August 02, 2019 19:34 IST

According to experts by making CSR spending mandatory, the government has made it into a statutory due like tax but with none of its democratic quality.

Illustration: Dominic Xavier/Rediff.com

Corporate India is worried over mandatory spending on corporate social responsibility (CSR) under the new amendments to the Companies Act, which now provides for a three-year jail term if the new CSR norms are not followed.

“We had not anticipated penal provisions. Equating unspent amount to a criminal offence is a harsh step.

 

"This is an indication that we are focusing on spending rather than the outcome,” Rumjhum Chatterjee, chairperson-national committee of CSR, Confederation of Indian Industry, told Business Standard.

According to the new CSR norms under Section 135 of the Companies Act, a company has to earmark a part of its profit towards social activities and transfer all unspent amount into an escrow account (if it is an ongoing project).

This account will be opened by the company concerned in a bank and be called the ‘unspent CSR account’.

In case the money remains unspent in three years, it will be transferred to any fund specified in Schedule VII of the Act.

Experts feel this ‘over-regulation’ may not go down well with the industry and that the government may enforce its agenda through CSR obligations of corporates.

“India is moving back to Inspector Raj. By making CSR spending mandatory, the government has made it into a statutory due like tax but with none of its democratic quality,” said a corporate law expert.

Funds, which are available to companies under this Schedule, include the Swachh Bharat Kosh, Clean Ganga Fund, and the Prime Minister’s National Relief Fund, among others.

In case the project concerned is not ongoing, the unspent amount will go to the funds cited earlier.

Corporate Affairs Minister Nirmala Sitharaman said the Bill is being brought in to “ensure more accountability and better enforcement to strengthen corporate governance norms and compliance management in the corporate sector”.

“Gandhi’s trusteeship principle is with which profit-making cannot be devoid of social responsibility.

"The amendments we are bringing now are only to sharpen focus and make it far more effective,” Sitharaman told the Rajya Sabha on Tuesday.
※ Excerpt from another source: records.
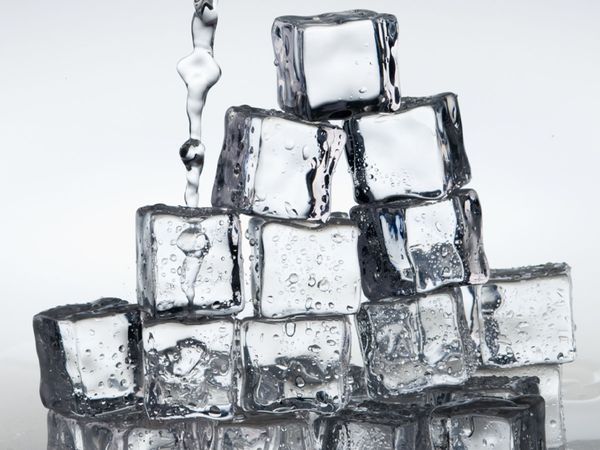 Pyramid of ice cubes with water being poured over the top. 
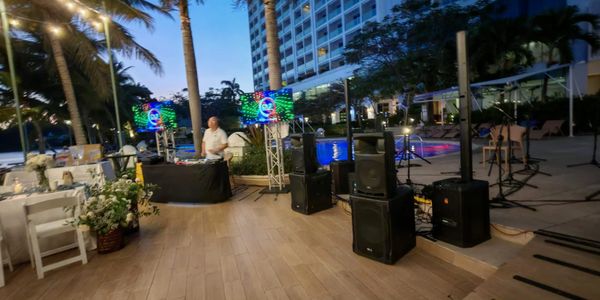 Outdoor DJ setup with speakers and screens near a pool at dusk.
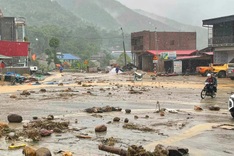 Floods sweep landslide debris into homes in Lao Cai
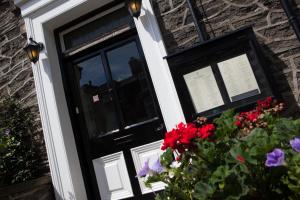 una puerta negra con flores delante de una casa de ladrillo en The Lamplighter Dining ~ Rooms, en Windermere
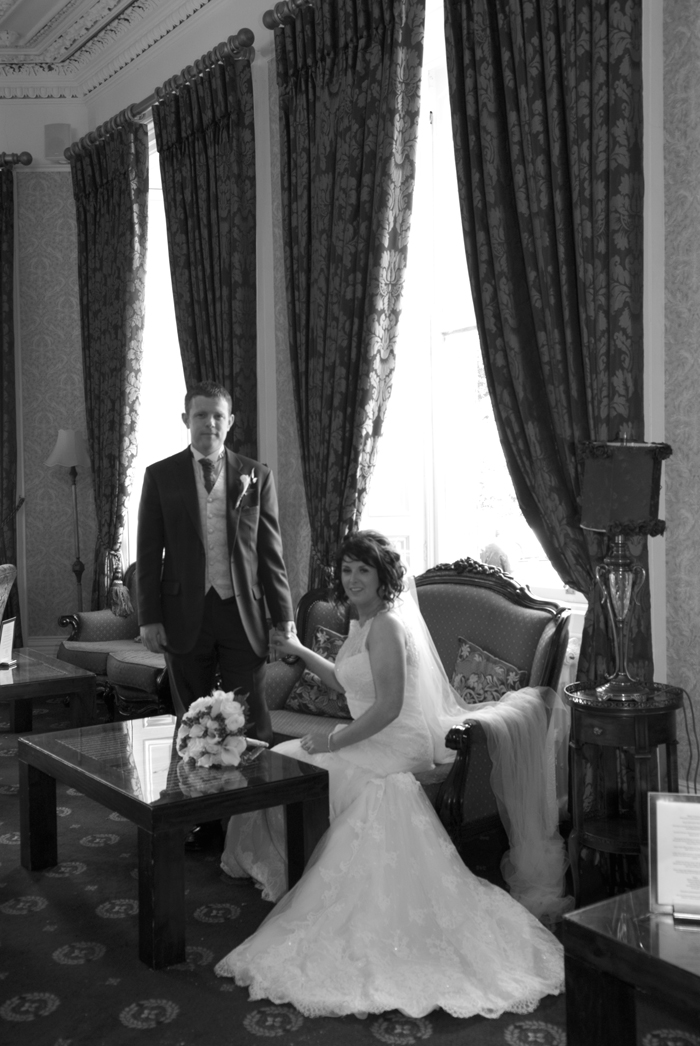 The bride and groom pose for a wedding photograph in the drawing room at at Finnstown Country House Hotel, Lucan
The amendment mentions that if a company fails to comply with the norms stated above, it will be punishable with a fine between Rs 50,000 and Rs 25 lakh, and “every officer of such company who is in default shall be punishable with imprisonment for a term, which may extend to three years or with fine or both”.

“The industry seems a bit startled with the imposition of penalty for non-compliance with CSR provisions, especially when one of the objectives of the Bill was rationalisation of offences under the Companies Act,” said Atul Pandey, partner, Khaitan & Co.

Companies also said that social sector capacity needs to be built up in order to absorb higher CSR spending.

“There can be a delay in spending if the project is designed in such a way or due to extraneous reasons like natural disasters.

"This area has to be self-regulated and incentivised,” said an industry expert.

The Companies (Amendment) Bill has been passed in both Houses of Parliament and is awaiting the President’s nod to come into effect.

The Bill also seeks to empower the Centre to debar directors of companies responsible for mismanagement for five years after approval from the National Company Law Tribunal.